XLSR-Mamba: Efficient Speech Modeling

Updated 22 February 2026

XLSR-Mamba model is a family of speech sequence models that combines multilingual self-supervised encoders (wav2vec 2.0 XLS-R) with state-space and Mamba-based backbones to capture long-range temporal dependencies.
It employs dual-column bidirectional processing and hybrid SSM-attention architectures, achieving superior spoofing detection performance with faster inference than traditional transformer models.
Its integration with multilingual pre-training, innovative data augmentation, and tailored loss functions enables efficient, robust speech processing across diverse applications.

XLSR-Mamba model refers to a family of speech sequence models that integrate a multilingual self-supervised encoder (XLSR, typically wav2vec 2.0 XLS-R) with state-space and Mamba-based backbones to efficiently capture long-range temporal dependencies for tasks such as spoofing attack and audio deepfake detection. The main instantiations include XLSR-Mamba—featuring a Dual-Column Bidirectional Mamba (BiMamba) state-space network—and the more recent XLSR-MamBo, a modular framework that hybridizes Mamba-style SSMs and attention mechanisms.
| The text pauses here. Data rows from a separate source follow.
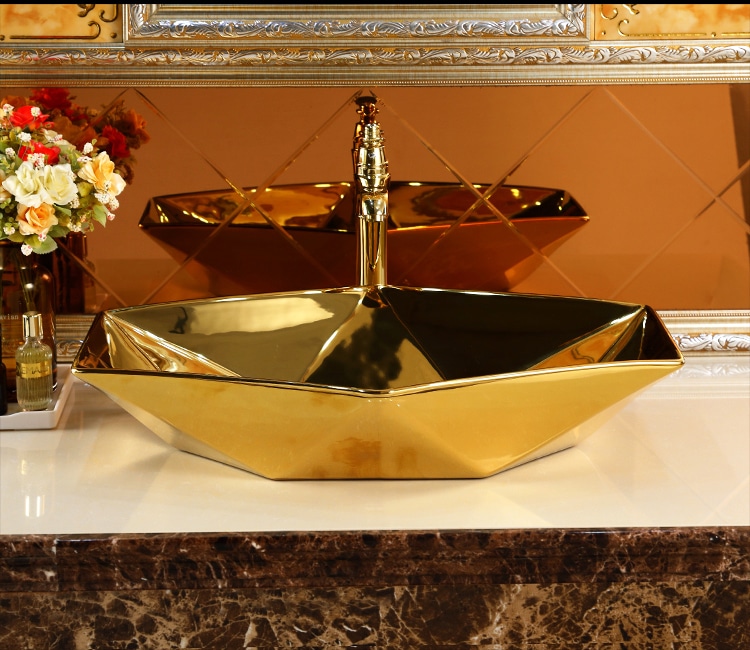 Angular Plain Gold Bathroom Basin (Large)  -  Gold Bathroom Basins / Sinks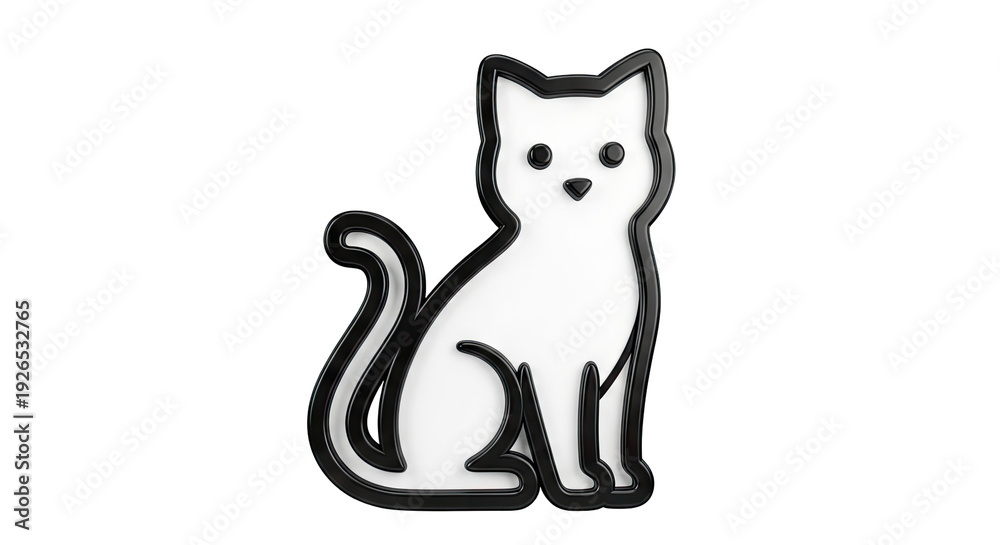 Fototapeta premium Stylized White Cat Silhouette with Black Outline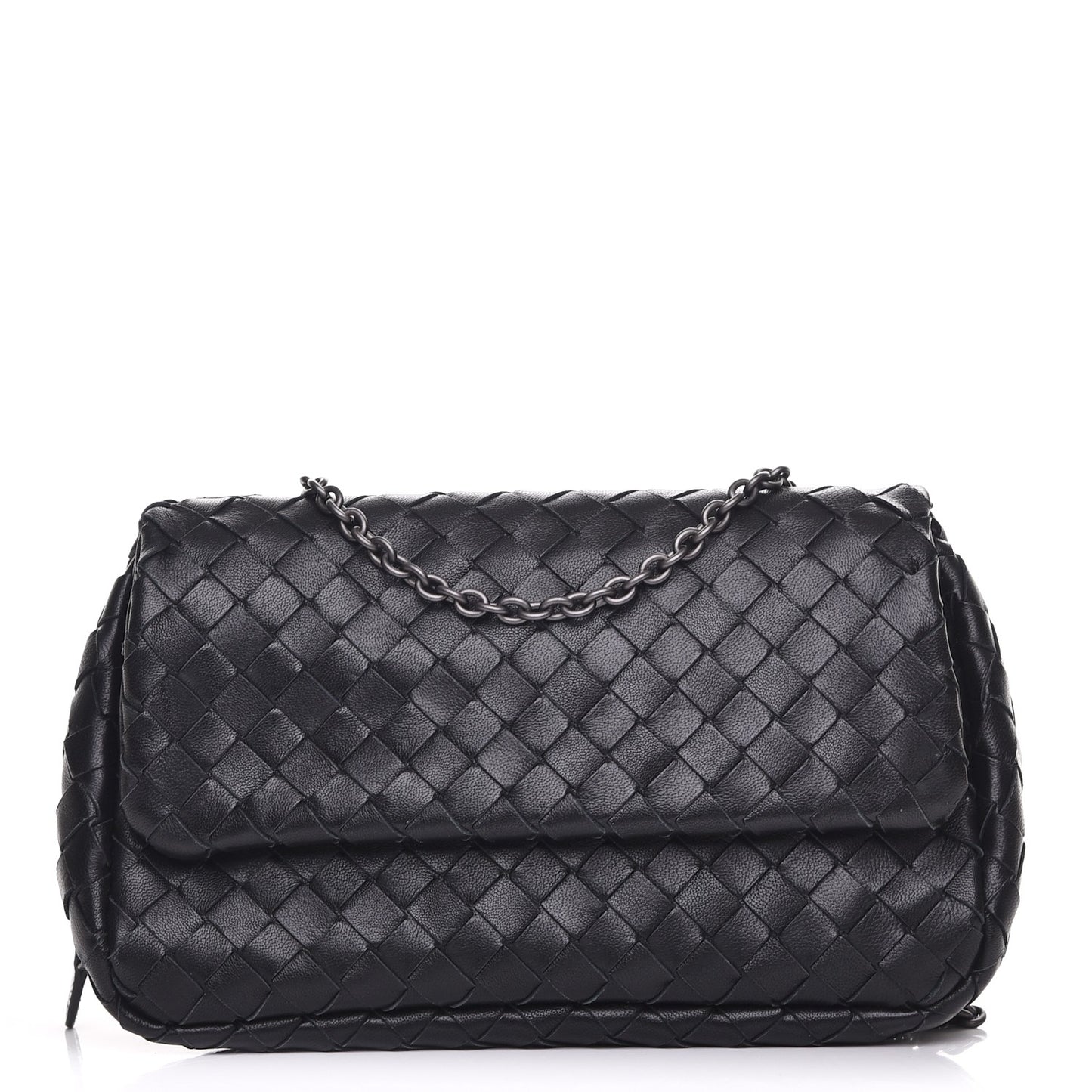Nappa Intrecciato Small Chain Crossbody Black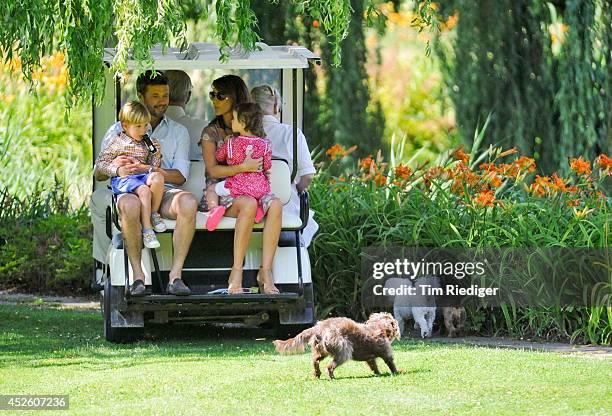 Prince Vincent, Crownprince Frederik, Princess Athena and Princess Marie attend the annual summer photo call for the Royal Danish family at Grasten...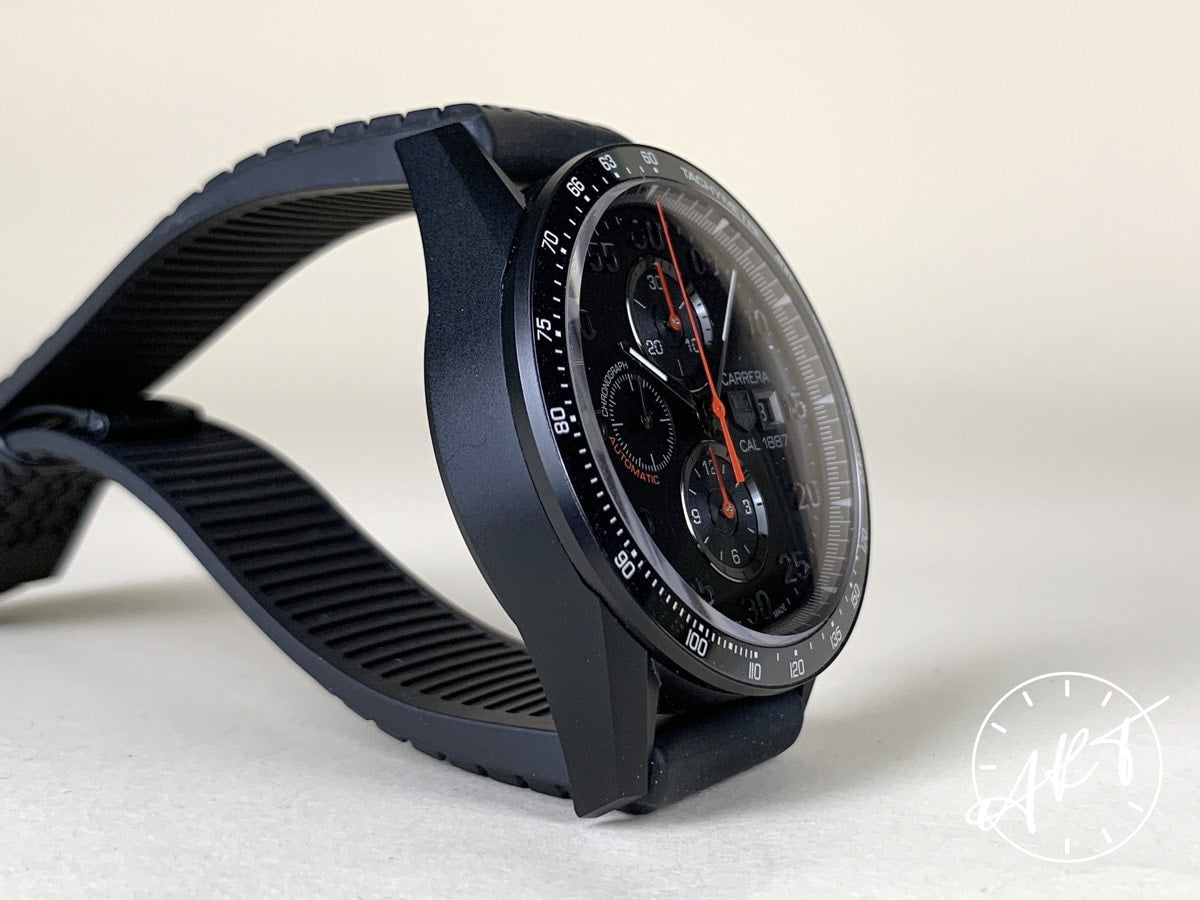 TAG Heuer Carrera Cal 1887 Chrono Black Dial Ceramic & Titanium Auto Watch w/ BP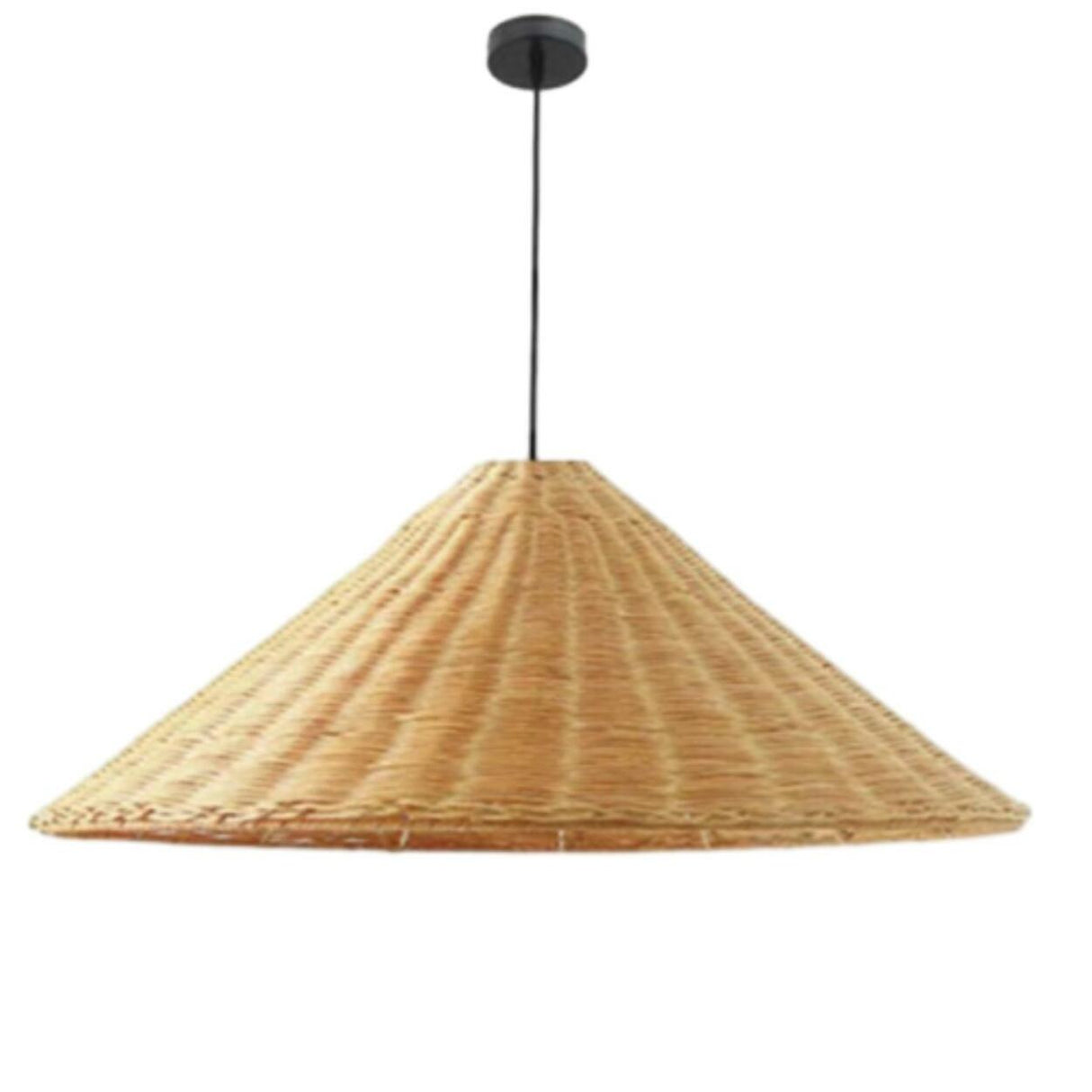 Handwoven Oriental Rattan Cone Pendant Lights Image - 9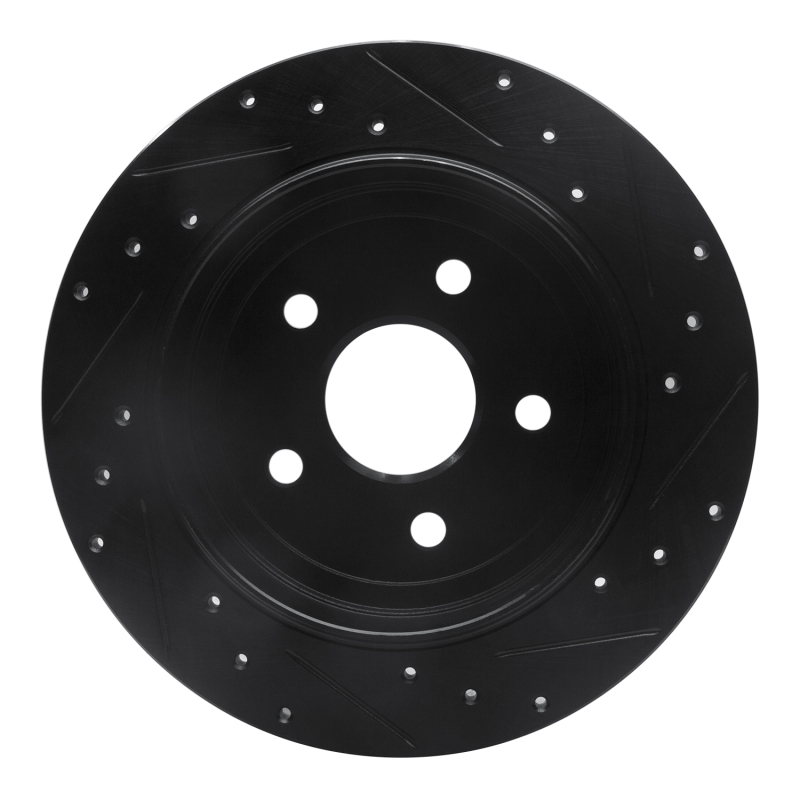 Jeep Grand Cherokee Brake Rotor (1) - Rear Left - R1 Concepts - Drilled & Slotted - Black - `05-`10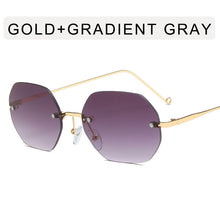 Load image into Gallery viewer, Retro Polygon Round Women Sunglasses Rimless Clear Ocean Gradient Lens Eyewear Metal VintageShades UV400 Men Sun Glasses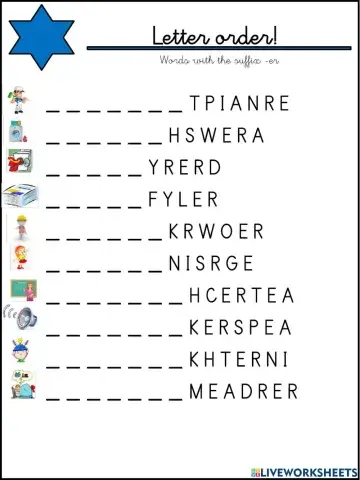 Words with the suffix -er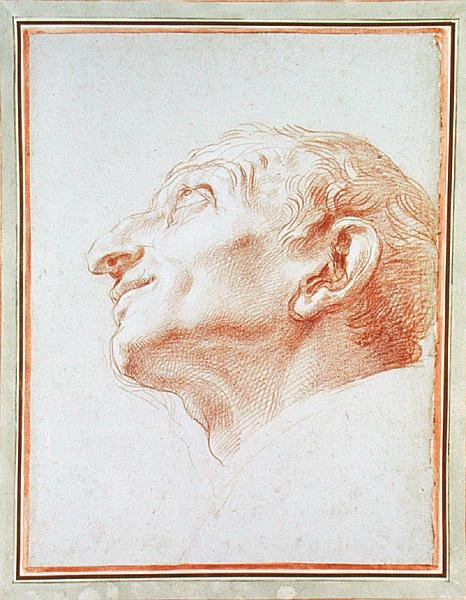 St. Charles Borromeo başkanı için çalışma (mavi kağıt üzerinde beyaz ile yükseltilmiş kırmızı tebeşir) by Carlo Maratta or Maratti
Both serve as high-performance, computationally efficient alternatives to traditional transformer architectures in challenging speech-processing scenarios (Xiao et al., 2024, Ng et al., 6 Jan 2026, Miyazaki et al., 2024).

1. Architectural Foundation

The canonical XLSR-Mamba pipeline processes input speech in the following sequence:

Input: Raw waveform audio, typically sampled at 16 kHz.
XLSR (wav2vec 2.0 XLS-R) Feature Extraction: A convolutional front end maps the input to a $\tfrac{N}{320} \times C$ feature map ( $C=1024$ ), followed by 24 transformer encoder layers, yielding contextualized embeddings of size $T \times C$ .
Linear Projection: A fully connected projection reduces the embedding size from $\mathbb{R}^C$ to $\mathbb{R}^D$ (typical $D=144$ ), resulting in the sequence $X = [x_1, \dots, x_T]$ , $x_t \in \mathbb{R}^D$ .
BiMamba Backbone: The projected sequence is processed through $L=12$ stacked Bidirectional Mamba (BiMamba) layers, each implementing a dual-column structure to capture both forward and backward temporal dependencies.
Pooling & Classification: Mean pooling across temporal dimension, then a linear classifier predicts class labels (bonafide or spoof).
Data Augmentation: RawBoost is applied to input waveforms during training to enhance generalization (Xiao et al., 2024).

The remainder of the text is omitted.